Dunque, tradurre implica anche un’opera di critica: «Tradurre un poeta significa inevitabilmente interpretarlo» e, nel caso di Dante, «un lungo contatto di natura critica ed esegetica» con l’opera del poeta autorizzava il traduttore di intraprendere una vera traduzione-interpretazione.  [12]
Il complesso interesse e il suo profondo attaccamento all’opera dantesca è confermato anche dal fatto che l’ultimo testo al quale mise mano, prima di lasciarci, è stato l’Inferno senza che lui sospettasse che gli si aprivano le porte del Purgatorio e del Paradiso, questa volta in una forma non trasfigurata artisticamente.
Tutto quello che Marian Papahagi ha realizzato nella sua breve ma intensa esistenza reca l’impronta dell’eccellenza; un’eccellenza che traspariva da ogni sua azione, da ogni suo gesto, un’eccellenza non ostentata, che non sopraffaceva quelli che gli erano accanto.  Questo nostro caro ed indimenticabile amico è stato una fiamma che non distruggeva bruciando, ma illuminava la strada da seguire. Affermando col Foscolo che «sol chi non lascia eredità d’affetti / poca gioia ha dell’urna», mi rendo conto che la separazione, tuttora sofferta da questo singolare amico, ci ritrova sempre sconsolati, ma ci fa anche capire il vero senso della parola  ETERNITÀ. [13]

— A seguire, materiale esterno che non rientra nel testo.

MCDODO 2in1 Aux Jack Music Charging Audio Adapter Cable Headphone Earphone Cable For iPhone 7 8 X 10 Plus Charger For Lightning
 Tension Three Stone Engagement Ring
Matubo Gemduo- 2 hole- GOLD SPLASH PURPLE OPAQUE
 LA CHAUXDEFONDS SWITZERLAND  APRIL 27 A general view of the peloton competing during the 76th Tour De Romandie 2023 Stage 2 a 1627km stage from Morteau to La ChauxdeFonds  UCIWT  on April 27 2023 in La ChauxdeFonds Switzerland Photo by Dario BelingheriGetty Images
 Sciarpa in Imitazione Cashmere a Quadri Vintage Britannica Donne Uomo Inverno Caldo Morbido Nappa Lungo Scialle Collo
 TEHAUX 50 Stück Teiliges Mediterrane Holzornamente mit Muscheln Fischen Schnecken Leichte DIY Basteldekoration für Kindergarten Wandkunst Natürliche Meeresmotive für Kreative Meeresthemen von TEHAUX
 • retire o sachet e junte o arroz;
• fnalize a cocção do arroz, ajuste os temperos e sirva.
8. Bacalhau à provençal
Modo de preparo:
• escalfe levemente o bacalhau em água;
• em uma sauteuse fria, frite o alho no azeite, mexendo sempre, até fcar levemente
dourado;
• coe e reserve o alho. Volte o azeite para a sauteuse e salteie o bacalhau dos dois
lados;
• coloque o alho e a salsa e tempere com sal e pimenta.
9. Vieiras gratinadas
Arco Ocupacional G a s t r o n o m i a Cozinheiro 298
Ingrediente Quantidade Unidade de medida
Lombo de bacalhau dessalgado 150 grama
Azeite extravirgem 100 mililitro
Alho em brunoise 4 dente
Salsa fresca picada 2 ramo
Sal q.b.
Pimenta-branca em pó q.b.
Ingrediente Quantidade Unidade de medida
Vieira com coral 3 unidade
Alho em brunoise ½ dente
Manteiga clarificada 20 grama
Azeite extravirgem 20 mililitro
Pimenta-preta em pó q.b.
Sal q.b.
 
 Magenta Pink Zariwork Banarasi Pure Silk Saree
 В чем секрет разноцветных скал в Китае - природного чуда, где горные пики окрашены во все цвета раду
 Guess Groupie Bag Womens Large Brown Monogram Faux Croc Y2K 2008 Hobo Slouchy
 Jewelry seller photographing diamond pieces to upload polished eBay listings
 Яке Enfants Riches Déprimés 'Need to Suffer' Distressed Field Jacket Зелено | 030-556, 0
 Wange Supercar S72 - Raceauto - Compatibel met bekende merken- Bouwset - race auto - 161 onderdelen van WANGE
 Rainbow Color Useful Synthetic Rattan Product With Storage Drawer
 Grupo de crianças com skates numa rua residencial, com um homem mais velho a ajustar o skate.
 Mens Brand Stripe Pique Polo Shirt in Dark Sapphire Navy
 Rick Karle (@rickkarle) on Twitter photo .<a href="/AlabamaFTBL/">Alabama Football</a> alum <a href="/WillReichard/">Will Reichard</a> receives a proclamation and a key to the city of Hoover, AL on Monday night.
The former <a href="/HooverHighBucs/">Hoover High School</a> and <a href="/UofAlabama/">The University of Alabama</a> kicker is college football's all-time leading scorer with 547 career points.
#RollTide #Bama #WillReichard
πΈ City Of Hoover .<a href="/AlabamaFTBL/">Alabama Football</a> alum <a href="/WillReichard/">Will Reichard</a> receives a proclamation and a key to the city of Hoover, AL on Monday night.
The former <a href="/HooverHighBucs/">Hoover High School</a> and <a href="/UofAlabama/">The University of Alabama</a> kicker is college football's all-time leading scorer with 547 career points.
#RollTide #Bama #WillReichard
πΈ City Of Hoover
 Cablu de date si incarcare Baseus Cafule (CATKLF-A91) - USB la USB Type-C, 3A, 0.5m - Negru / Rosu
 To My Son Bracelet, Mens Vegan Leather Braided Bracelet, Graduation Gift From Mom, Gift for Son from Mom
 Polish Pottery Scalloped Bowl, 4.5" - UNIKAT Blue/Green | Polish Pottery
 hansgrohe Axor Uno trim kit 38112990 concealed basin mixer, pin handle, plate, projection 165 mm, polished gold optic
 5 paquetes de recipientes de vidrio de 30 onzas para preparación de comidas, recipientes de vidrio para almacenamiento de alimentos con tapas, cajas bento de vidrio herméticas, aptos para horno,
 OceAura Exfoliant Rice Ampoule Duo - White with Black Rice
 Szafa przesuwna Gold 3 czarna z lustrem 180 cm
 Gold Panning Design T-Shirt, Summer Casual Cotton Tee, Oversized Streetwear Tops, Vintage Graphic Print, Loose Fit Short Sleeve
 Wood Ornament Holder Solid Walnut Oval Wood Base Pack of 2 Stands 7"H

Marian Papahagi all’Accademia di Romania in Roma






Helga Tepperberg
(n. 10, ottobre 2019, anno IX)


NOTE

1. Per questo profilo, certamente incompleto, ho utilizzato alcune informazioni puntuali presenti nel volume postumo Raţiuni de a fiLa ragion d’essere (Bucureṣti, Atlas 1999 (una raccolta di studi ed interviste curata dal figlio Adrian Papahagi, che può essere considerato un vero testamento spirituale) e alcuni frammenti di un mio articolo, Ricordo di Marian Papahagi in «Letteratura Italiana Antica», anno III, 2002, pp. 429-432.
2. I risultati di queste ricerche si sono concretizzati nei due volumi di «Studi italo-romeni» (1997 e 1998) e nei volumi Concordanţa poeziilor lui B. Fundoianu e Concordanţa poeziilor lui G. Bacovia, (1999).
3. La legge è stata votata solo nel 1995 in una forma che deve molto a Marian Papahagi.
4. Per quanto schematico, questo profilo sui dati generali della vita e dell’opera di M. Papahagi ha voluto dare un’idea convincente sulla ricca e multiforme personalità del mio caro collega.
5. «Mi considero in primo luogo professore, occupazione da cui non mi sono mai separato…»; «Anche qui a Roma sono sempre professore, sebbene sembri essere piuttosto un funzionario»., Raţiuni de a fi, cit, p. 166 e p. 175.
6. Ivi, p. 166 e p.175.
7. Ivi, p. 62.
8. Ivi, p. 39,  p. 141 e p. 137.
9. Ivi, p. 52, p. 113, p. 121.
10. Ivi, p. 35 e pp. 113-114.
11. Ivi, p. 112.
12. Ivi, pp. 110-111.
13. La memoria di Marian Papahagi è rimasta viva anche grazie ai vari colloqui a lui dedicati (a Cluj e a Roma) e soprattutto grazie al Premio «Marian Papahagi» che dal 2008, per opera dell’Istituto Italiano di Cultura di Bucarest, del Centro Culturale Italiano Cluj, dell’Università «Babeṣ-Bolyai» e dell’Ambasciata d’Italia in Romania, viene assegnato ogni due anni per opere di notevole valore culturale.